A Associação mantém-se, o bar velho mantém-se, assim como a biblioteca e os jardins. Os matraquilhos ainda se encontram no sítio que sempre estiveram e o Anfiteatro 1 também.
Mas mudou muita coisa desde a sua partida, os livros, os móveis, as mesas e as cadeiras, mas principalmente mudaram as pessoas. E não estou a falar das que lá passavam, até porque muitas ainda permanecem.
Refiro-me a uma mudança mais estrutural, aquela que penso que poderia ambicionar, não está perfeita, longe disso. Mas continuamos num progresso.
Gosto de fazer parte desse progresso, gosto de ter a oportunidade de servir os estudantes, a academia e o movimento estudantil. Gosto de poder dizer o que penso, sem medos. Gosto de defender os nossos estudantes e de ser intransigente quando sei que temos razão.
Quando entrei pela porta principal da Faculdade pela primeira vez, percorri o átrio até ao anfiteatro 1, completamente perdida, e não olhei para trás. Aliás, andei uns dias tão perdida que não reparei que sempre que entrava pela porta tinha um olhar penetrante que pairava sobre a nossa atmosfera, esta que é tão particular e específica.
Até que um dia, olhei para trás, inclinei ligeiramente a cabeça para cima e vi-o pela primeira vez. Questionei-me quem era e o porquê de ali estar o seu retrato.
Perguntei! Sempre fui uma pessoa de fazer perguntas, sou das que está sempre com o porquê? e com o como? na ponta da língua. Tinha acabado de entrar e queria saber tudo, tudo o que se passava no momento e o que se tinha passado.
Explicaram-me brevemente o que tinha acontecido, com o passar do tempo fui conhecendo mais pormenores, sobre si, sobre a Associação, sobre os estudantes, sobre a nossa história.

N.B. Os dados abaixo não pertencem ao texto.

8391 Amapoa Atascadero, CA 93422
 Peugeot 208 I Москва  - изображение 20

Passados quatro anos, tornei-me Presidente da Associação, fui aos quatro cantos da nossa Faculdade e completei a minha equipa. E lembro-me de na altura da campanha pedir-lhes fervorosamente que o estudassem, que vissem os documentários em sua honra e sobre a Faculdade naquela época. Pedi-lhes que se mentalizassem da responsabilidade que era ser estudante e de que se fossemos eleitos que essa responsabilidade seria acrescida, porque iríamos ser representantes dos nossos colegas.
Pedi-lhes que se sentissem orgulhosos dos nossos colegas que lutaram para que hoje nós pudéssemos ter uma ação primordialmente diplomática. E pedi-lhes acima de tudo, que conhecessem a realidade por que passou e que a respeitassem para que quem viesse a seguir nunca tivesse que passar pelo mesmo.
Gostava que visse como as coisas mudaram, como lidamos uns com os outros, como aprendemos a respeitar-nos e como conseguimos conciliar as nossas diferenças.
Ano após ano, este dia nunca se tornou comum, é um dia em que se vê muita reflexão no olhar dos estudantes, porque apesar de não nos termos conhecido, é um dos nossos e que há 50 anos deixou os seus.
Não esquecemos, nem desculpamos.
Ainda sente uma revolta dentro de nós, é desconhecido mas magoa, não sabemos como explicar.
Mas asseguramos que o movimento estudantil está vivo, continuamos a lutar pelos nossos direitos e a transmitir os nossos valores.
Queria que soubesse que vamos dizer “presente” em todos os momentos da vida académica dos nossos colegas e que nenhum aluno será deixado para trás. Somos uma frente unida e continuamos juntos.
Queria que visse a liberdade que hoje temos e que, no que depender de nós, não se irá perder.
Queria que conseguisse olhar para os peitos que se enchem de ar e para o rosado das bochechas sempre que os alunos se manifestam. Para as faixas que se pintam e as bandeiras que se erguem. Mas também, para a postura de diálogo, aberta, concreta e assertiva.
Gostava de lhe poder oferecer um cravo e dizer que está tudo bem, que ficou tudo bem e que conseguiu, que não foi em vão e que é muito amado.
Mas como não posso, deixo-lhe esta carta, que irei ler diante dos seus amigos e pessoas que o admiram. E é muito bela a forma como o fazem.
Espero um dia, depois desta vida, conseguir contar-lhe as peripécias da Associação que tanto carinho lhe tem, e ouvir as suas enquanto Presidente de Mesa.
E hoje como há 50 anos “ousamos lutar, ousamos vencer”
Da sua colega,
Catarina Preto
Carta originalmente lida por Catarina Preto na Conferência Internacional: Resistência juvenil, ditaduras e políticas de memória. O Assassinato de Ribeiro Santos, a 11 de outubro de 2022.